Desde o início do Romantismo no século 18 até meados do século 20, a poesia ocupava um lugar de destaque. One Toss of the Dice: The Incredible Story of How a Poem Made Us Modern, de Howard Bloch, professor da Universidade de Yale, nos coloca num momento crucial desse período, elegendo um poema que revolucionou o mundo das letras; e talvez muito além dele.

“Un coup de dés jamais abolira le hasard” (Um lance de dados jamais abolirá a sorte), de Stephane Mallarmé, que morreu em 1898, um ano depois da publicação do poema, marcou uma guinada não só poética como teve impacto em diversas outras artes. A começar por sua estrutura: um texto espalhado de maneira singular por vinte páginas curtas, disposto de tal forma que uma linha pode seguir tanto para a linha logo inferior, como num livro normal, ou para a linha adjacente da página ao lado. Não há uma ordem clara de leitura – o título, por exemplo, é apresentado em pedaços ao longo das páginas. Sua única indicação é o tamanho da fonte. Aliás, alterações de estilo, tamanho e letras maiúsculas e minúsculas completam.

Ajuda ter como guia alguém como Bloch para destrinchar o texto, que é antes uma disposição de palavras no espaço do que uma progressão cronológica. Completamente mergulhado no simbolismo literário, o poema tem palavras que puxam outras por meio da associação psicológica ou pelo significado simbólico, sendo muitas vezes difícil entender o sentido literal. Basicamente, o poema descreve a cena de um naufrágio, no qual um homem solitário faz um lance de dados; em algum momento, surge uma sereia.
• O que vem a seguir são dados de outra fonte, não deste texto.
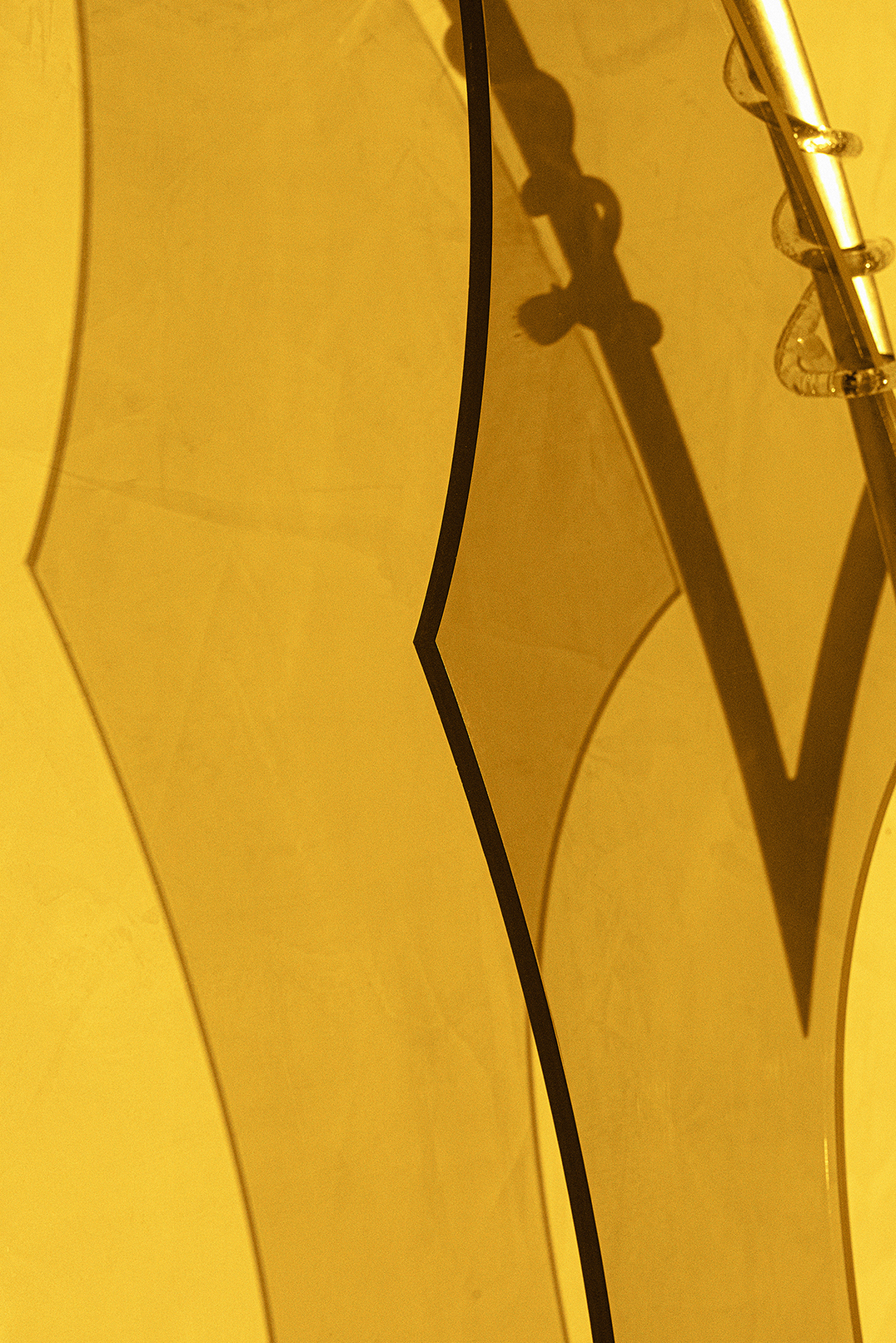 Szilvia Bolla, Aron Lodi, Elegy of the butterfly, 2021, steel, plexiglass, electrical cables, 160x100x20cm, detail1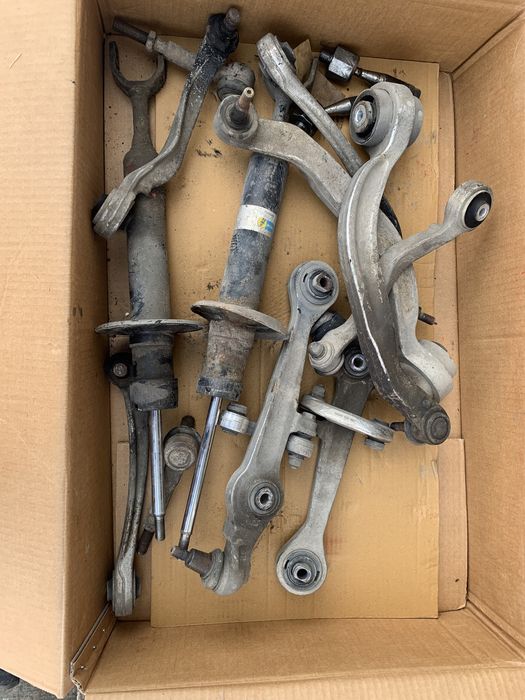 Продам комплект ричагів передньої підвіски ауді а4б5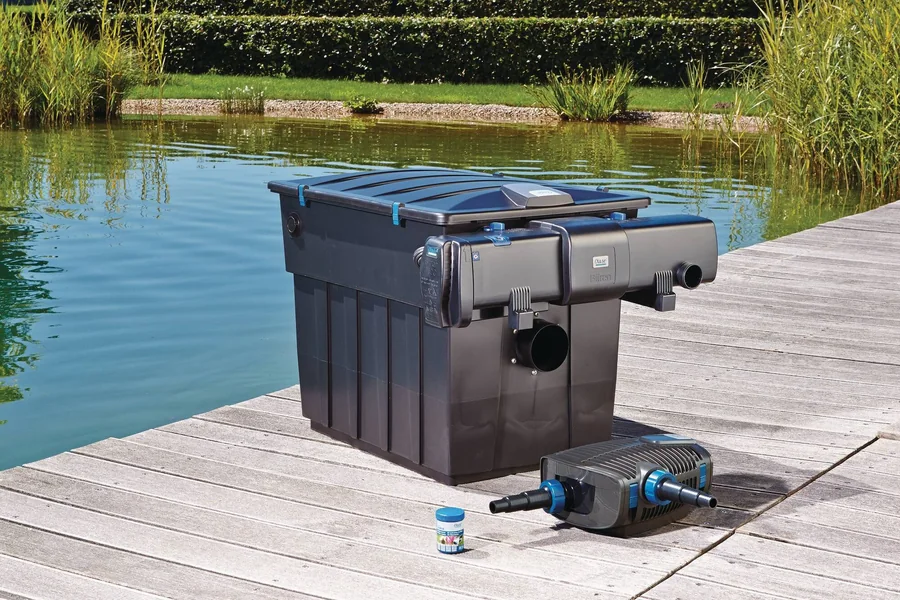 BioTec ScreenMatic² 90000 ved dammen med filterpumpe og UV-C foran filteret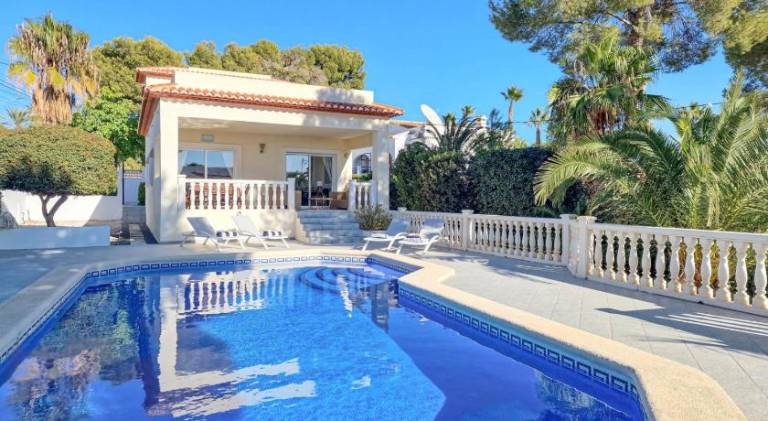 Villa with grill, terrace & private pool in Mora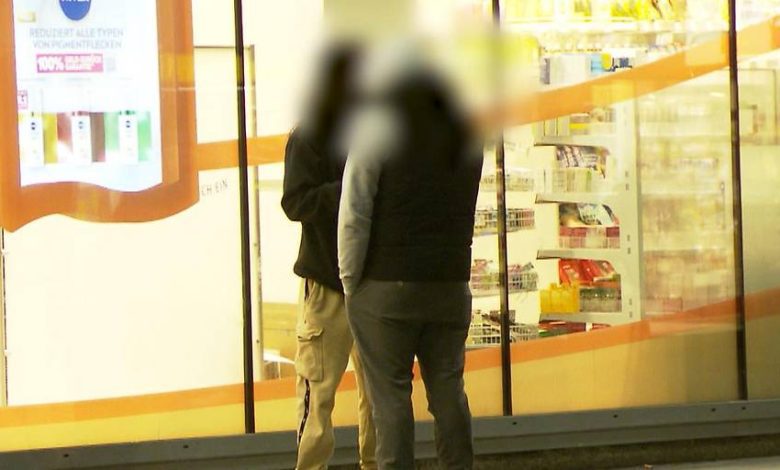فيينا تبحث إنشاء مؤسسات مغلقة لاحتواء القُصّر الجانحين وسط جدل قانوني ومجتمعي فيينا تبحث إنشاء مؤسسات مغلقة لاحتواء القُصّر الجانحين وسط جدل قانوني ومجتمعي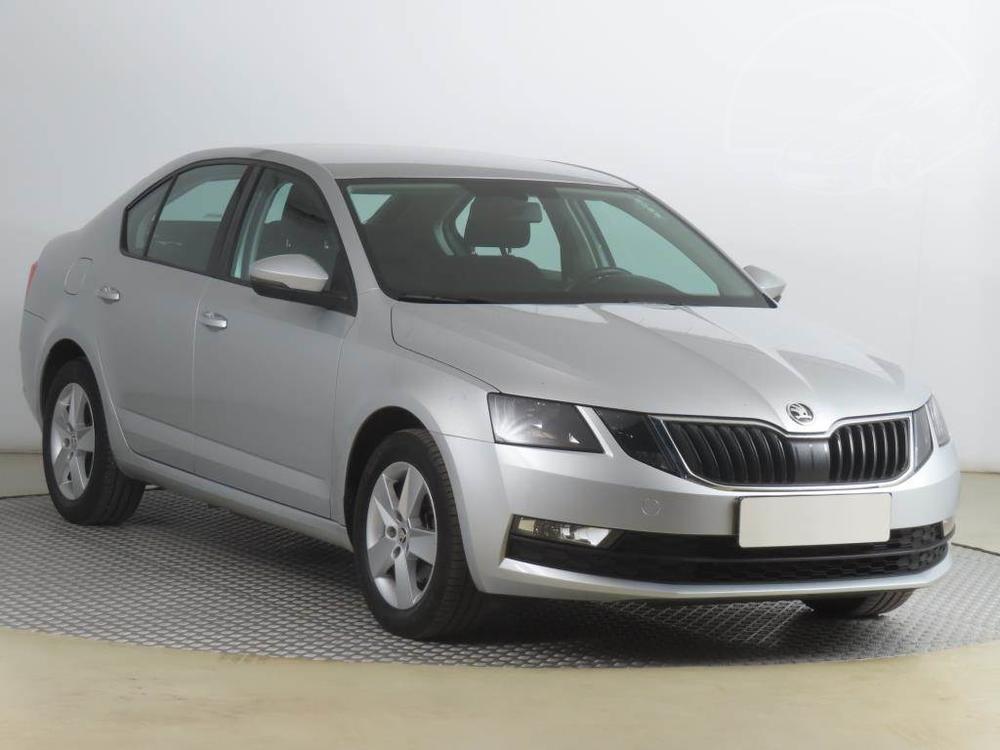 Škoda Octavia 1.4 TSI, Ambition, ČR,1.maj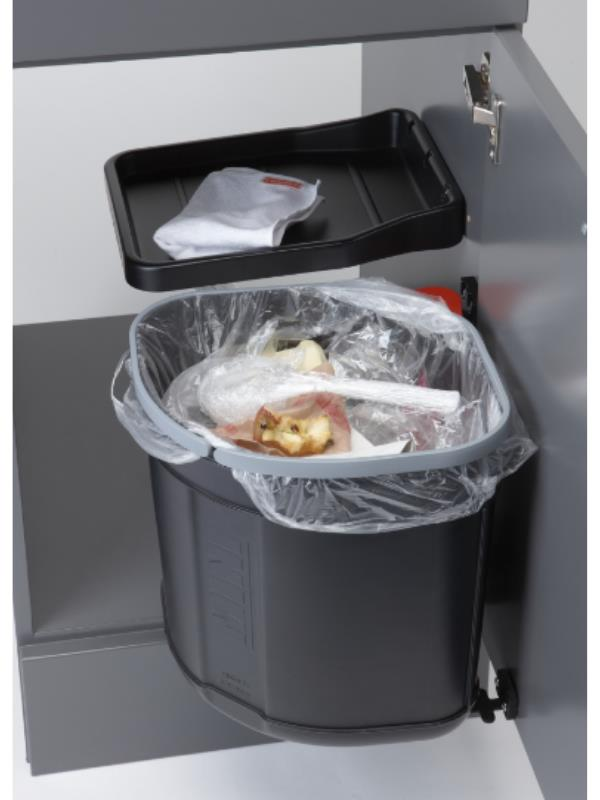 Plastik torbalı gri çöp kutusu bir dolaptan dışarı uzanıyor.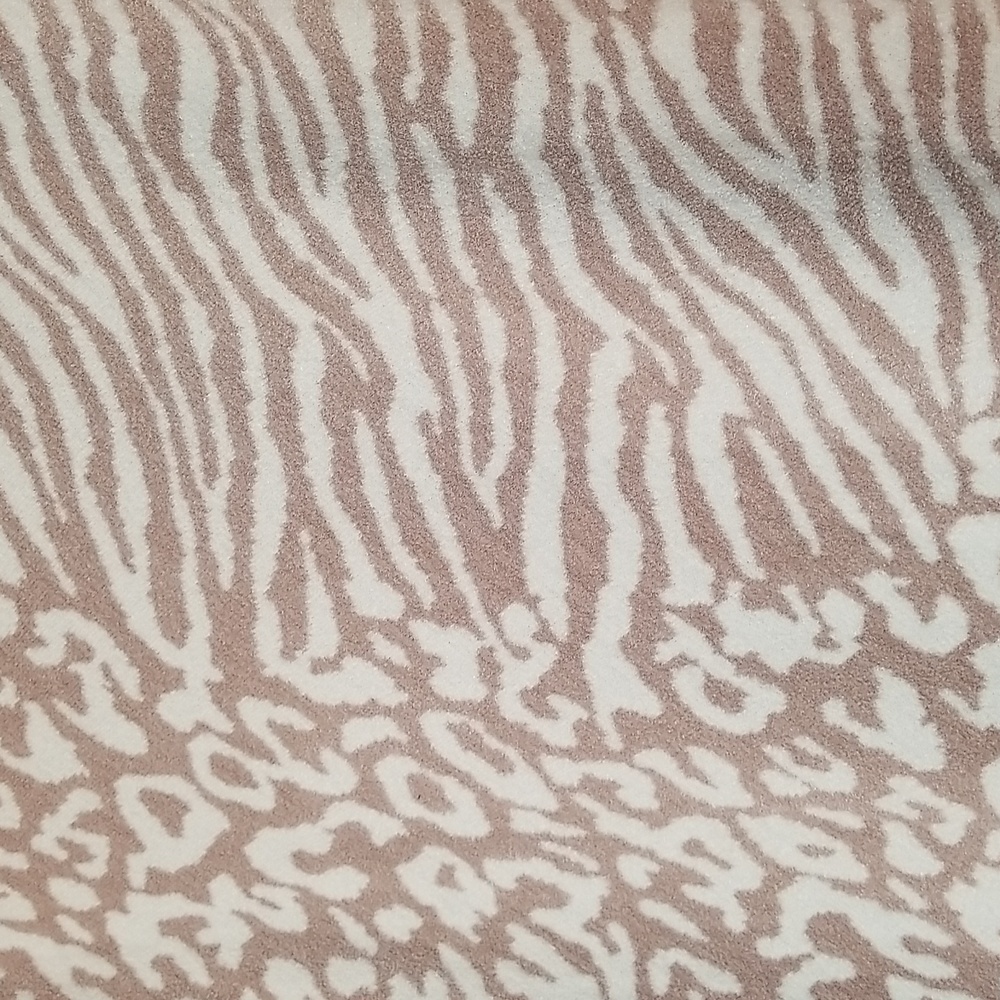 NWT Barefoot Dreams Cozy Ultra Lite Ocean Breeze Faded Rose Animal Print Poncho - Picture 6 of 8
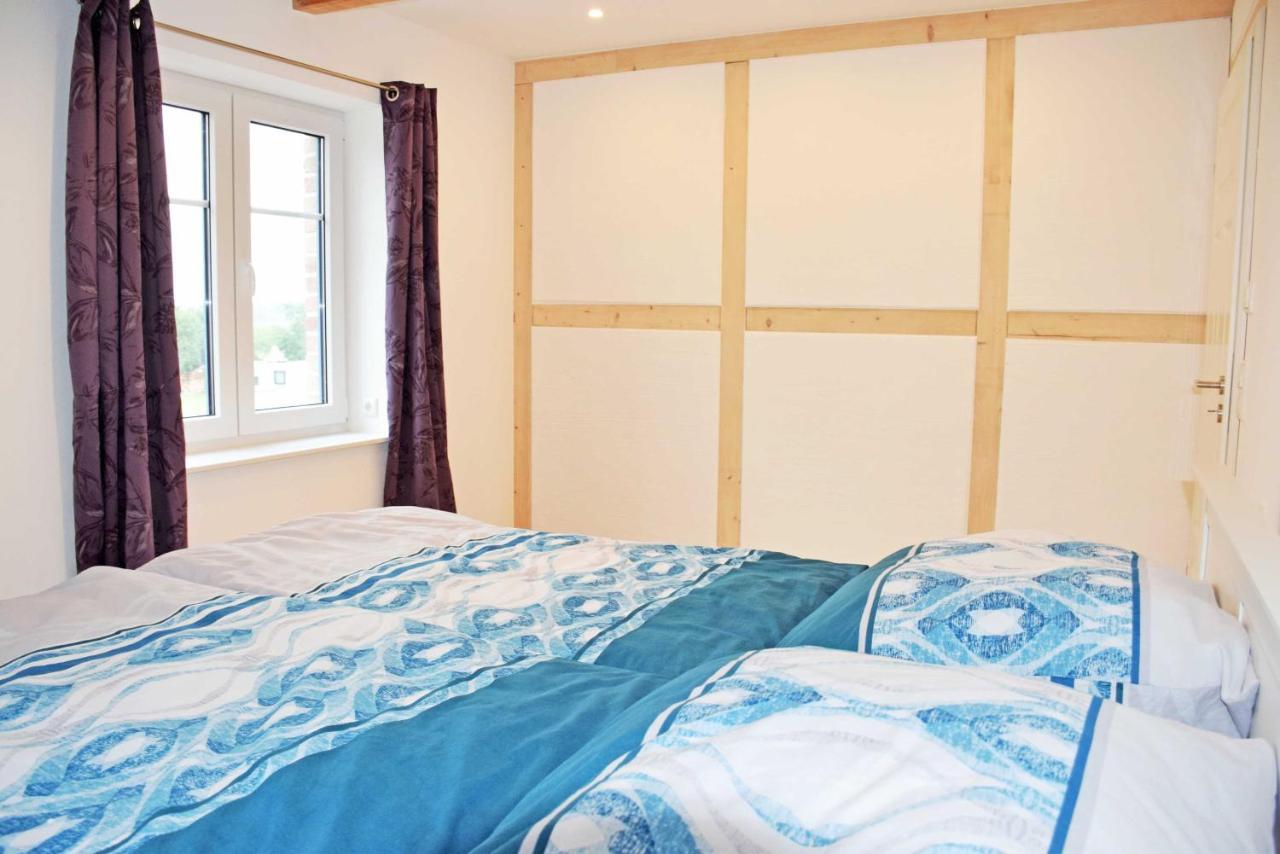Ferienhaus Zum Boddenstrand Mit Ka Groß Zicker Exteriör bild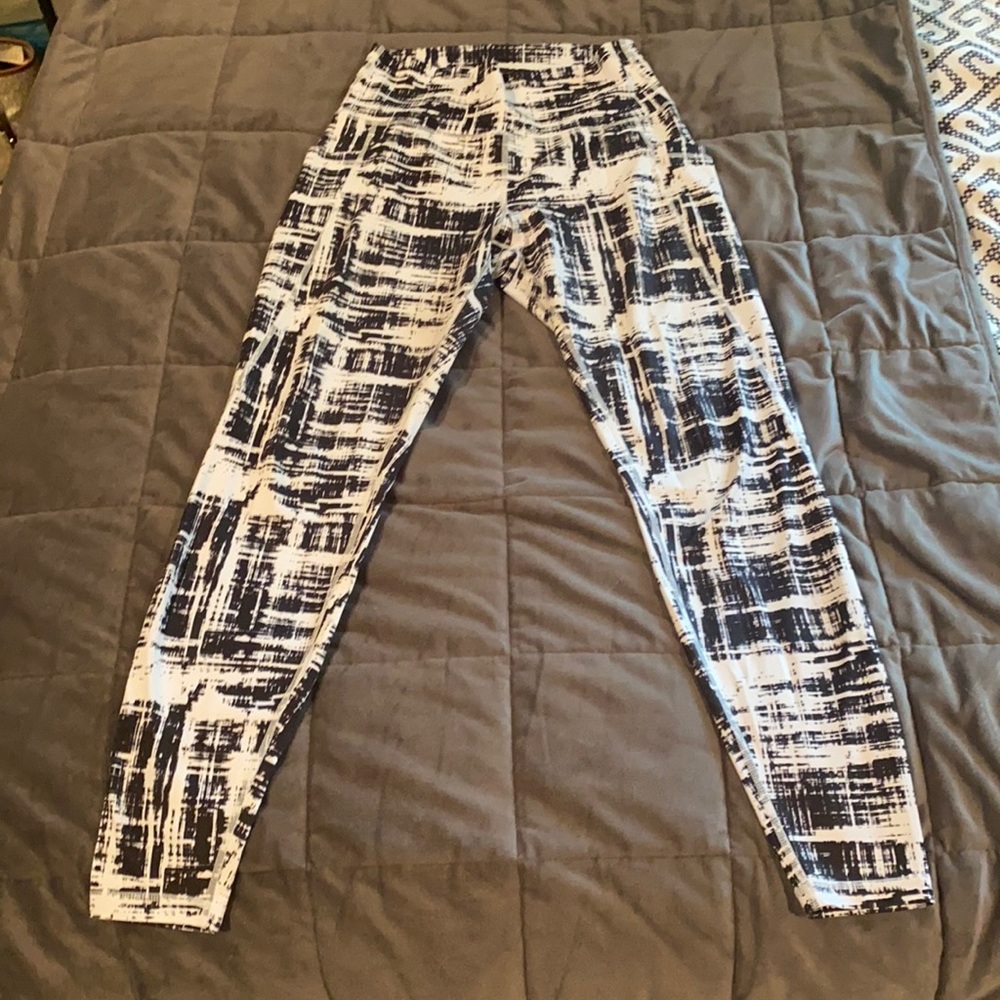 Limitless Leggings - Triggered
O poema representa, assim, uma quebra radical com a tradição que chegara até ali, com todos os cânones literários e com a forma de se escrever poesia. Mallarmé se liberta das amarras da forma (e mesmo conceituais) para expressar de maneira mais direta o que jaz na profundeza da alma. A morte (talvez simbolizada pelo gigantesco JAMAIS no meio do texto), o desespero humano em meio ao naufrágio – podemos pensar aqui no fim das certezas culturais e teológicas, que Nietzsche chamara de a morte de Deus -, a vã tentativa de impor ordem ao caos, que é o que faz nosso pensamento.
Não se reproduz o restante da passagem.